Vers 10 heures, il entendit un bang assourdissant. Un nuage de fumée l’enveloppa. Il a essayé de courir et il n’a eu nulle part: une bombe déclenchée à distance avait transformé sa jambe droite en une masse de gore et de gristle. Tout ce qu’il ressentait, c’était de l’adrénaline. Les oreilles sonnaient, il roula et s’éloigna du lieu de l’explosion jusqu’à ce qu’il atteigne le bord de la route.

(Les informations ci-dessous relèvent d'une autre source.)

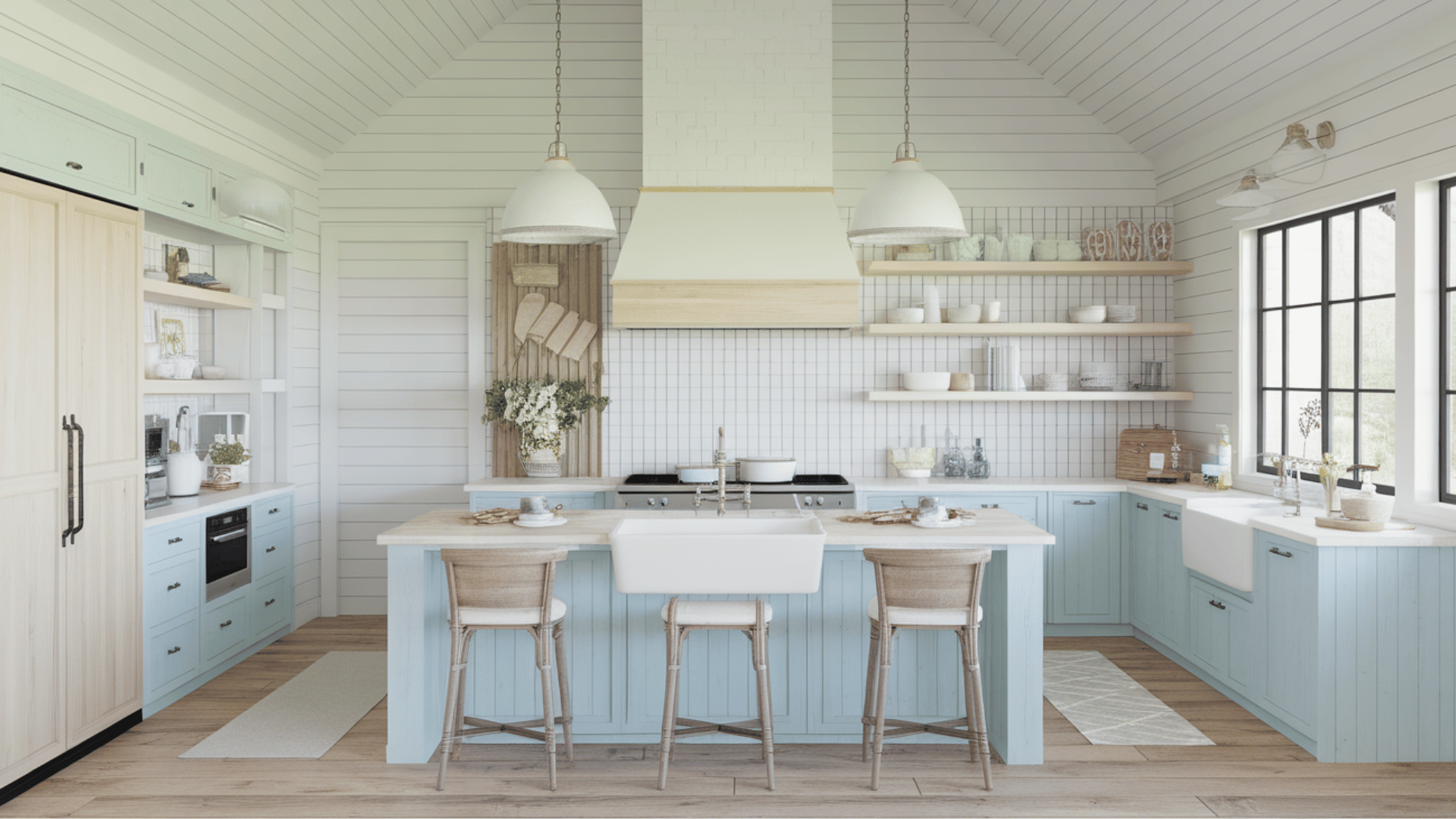 coastal farmhouse kitchen with pastel accents, distressed wood finishes, and large windows.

Alors qu’il gisait dans la terre, un homme de corps lui appliquant un garrot à la jambe droite, la balle d’un tireur d’élite lui a pulvérisé le genou gauche.
Plus de balles zippées. Gadsby hurla des ordres, alors même que des litres de sang coulaient de son corps. Une fois que les insurgés se sont enfuis dans les terres agricoles, ses hommes ont signalé un camion qui passait et l’ont chargé à l’arrière. Sa respiration était en lambeaux et sèche, et il vacillait dans et hors de la conscience. À l’hôpital de campagne, un prêtre lui a lu ses derniers rites. Ses yeux se fermèrent.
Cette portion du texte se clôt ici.